Un Américain à Moscou, ou, Comment un clone soviétique a coûté une fantastique somme d’argent aux contribuables nord-américains, Partie 2
Salutations, ami(e) lectrice ou lecteur. Êtes-vous toujours intéressé(e) à faire le lien entre la fantastique somme de notre titre et le bombardier lourd à long rayon d’action Toupolev Tu-4? Oui? Formidable. Commençons. Le prototype de ce clone du Boeing B-29 Superfortress prend l’air en mai 1947. Comme on peut s’y attendre pour un tel programme de rétro ingénierie, les ingénieurs des nombreuses usines impliquées dans la production de l’aéronef et de ses nombreux composants, de son train d’atterrissage à ses moteurs, doivent surmonter des problèmes graves. Fait intéressant, les moteurs du Tu-4 sont de conception soviétique. Leurs cylindres sont semblables à ceux d’un moteur américain fabriqué sous licence en Union des républiques socialistes soviétiques (URSS) depuis la fin des années 1930. Le moteur en question est conçu par Wright Aeronautical Corporation, une division de Curtiss-Wright Corporation et la société qui a mis au point les moteurs du Superfortress. Le monde est bien petit, n’est-ce pas?

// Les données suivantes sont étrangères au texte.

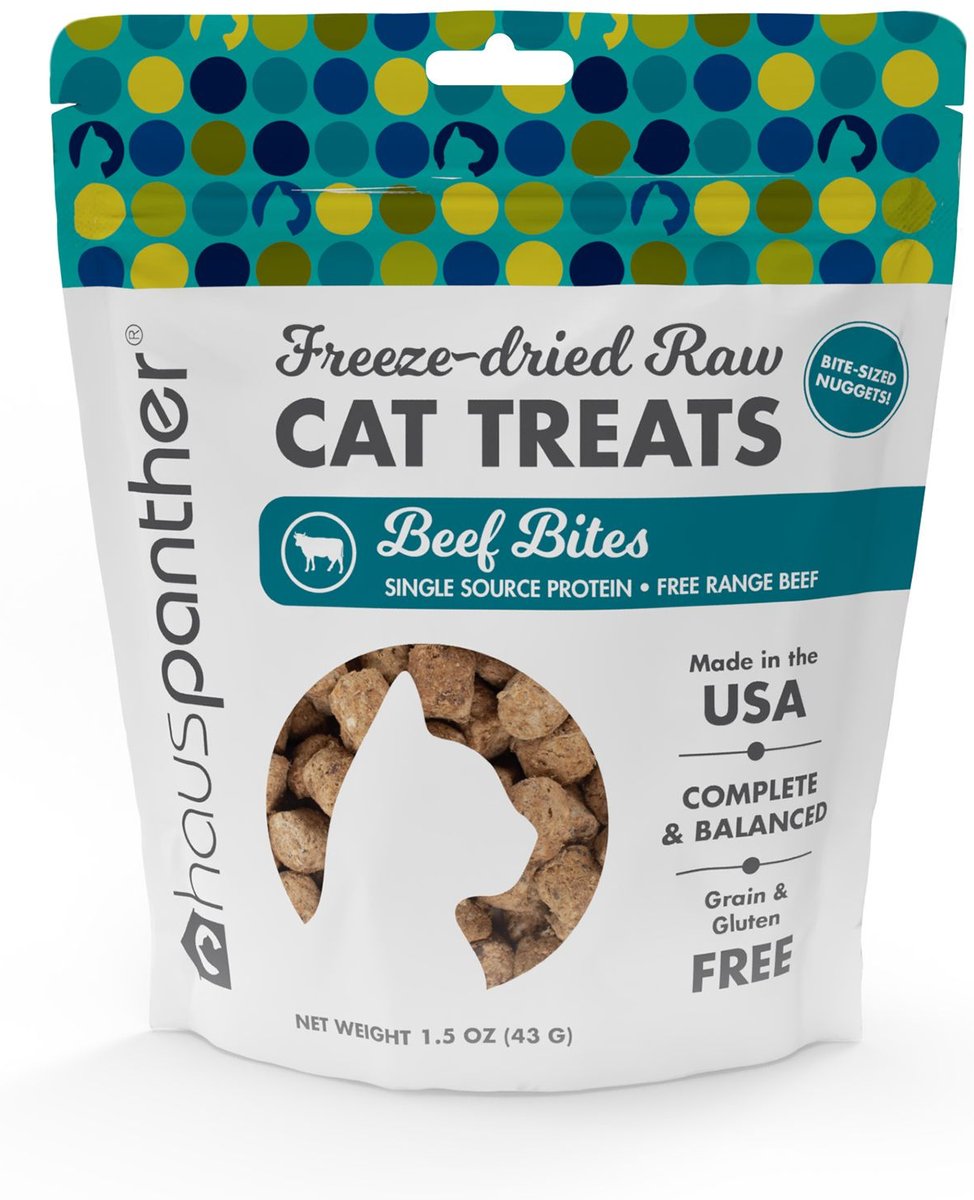 Hauspanther Beef Bites Nuggets Freeze-Dried Raw Cat Treats， 1.5-oz bag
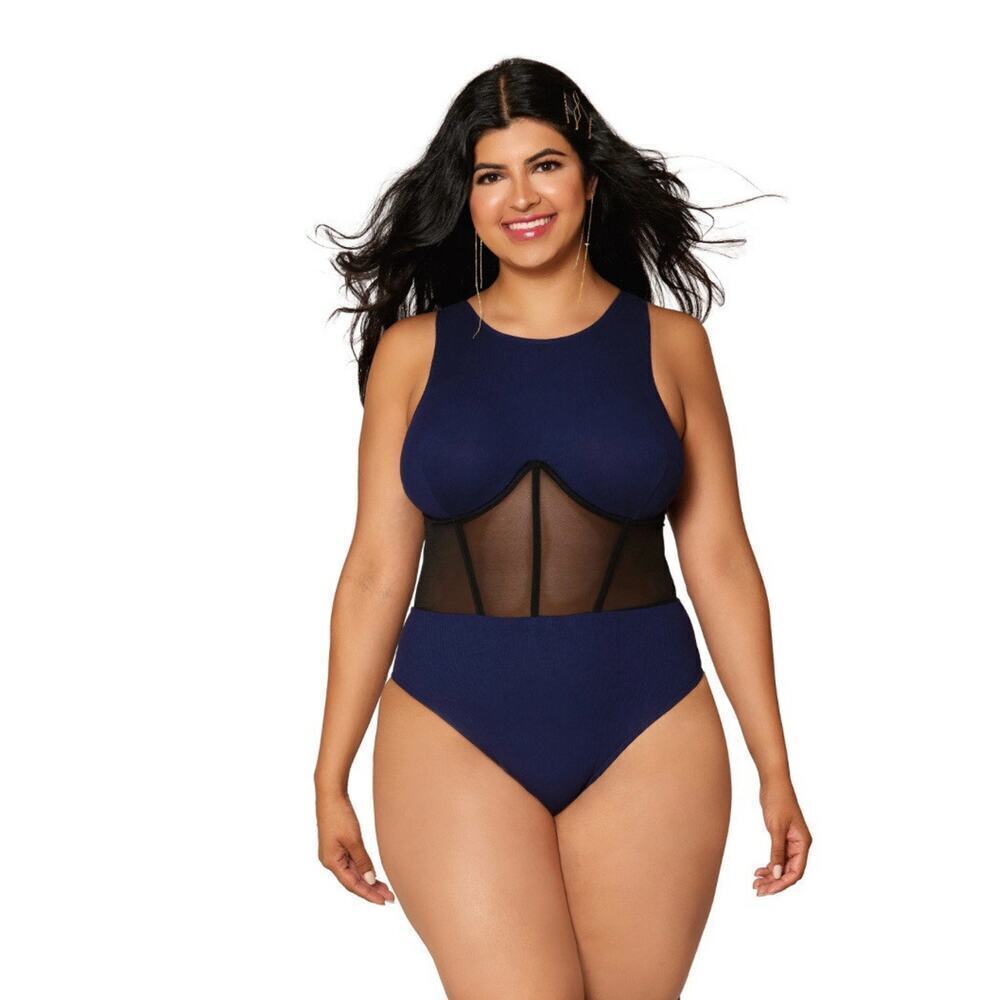 🦋B2G1🦋DREAMGIRL Rib Knit High Neck Racer-Back Teddy Sleepwear Lingerie | PLUS |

Les premiers Tu-4 entrent en service en 1948 mais ne sont pas pleinement opérationnels avant le milieu de 1949. Comme on peut s’y attendre, les équipages et le personnel au sol soviétiques doivent travailler très fort pour maîtriser cette machine complexe. Au moment où la production prend fin, en 1952-53, environ 1 000 Tu-4 ont été construits. Un certain nombre de ces aéronefs peuvent transporter une bombe nucléaire. Certaines Tu-4 sont complétées comme avions de reconnaissance photo ou de transport à long rayon d’action. Un petit nombre d’aéronefs sont apparemment utilisés pour la reconnaissance maritime. Au fur et à mesure que des bombardiers à réaction plus modernes entrent en service, certains Tu-4 sont convertis en avions expérimentaux de ravitaillement en vol, ou avions citernes. Quelques autres sont utilisés pour tester de nouveaux moteurs et des missiles air surface à grande portée. Une version de bombardement améliorée connue sous le nom de Toupolev Type 80 ne dépasse le stade du prototype. On peut en dire autant d’une version de transport militaire connue sous le nom de Type 75.
Il convient de noter que l’URSS transfère quelques Tu-4 à la République populaire de Chine. Un certain nombre de ces aéronefs, utilisés par la Force aérienne de l’armée populaire de libération, ou Zhōngguó Rénmin Jiěfànjūn Kōngjūn, sont par la suite munis de turbopropulseurs. La dernière de ces vénérables machines est retirée du service à la fin des années 1980.
Comme on peut s’y attendre, le Tu-4 est une source de grande préoccupation dans les milieux militaires d’Amérique du Nord et d’Europe occidentale lorsqu’il entre en service. À la fin des années 1940, le monde est aux prises avec la Guerre froide. L’URSS a mis en place des gouvernements fantoches dans une grande partie de l’Europe de l’Est. En Asie, la République populaire de Chine voit le jour en octobre 1949. La détonation de la première arme nucléaire soviétique, en août de cette même année, plus tôt que prévu, combinée au déclenchement de la guerre de Corée, en juin 1950, ne fait qu’empirer les choses.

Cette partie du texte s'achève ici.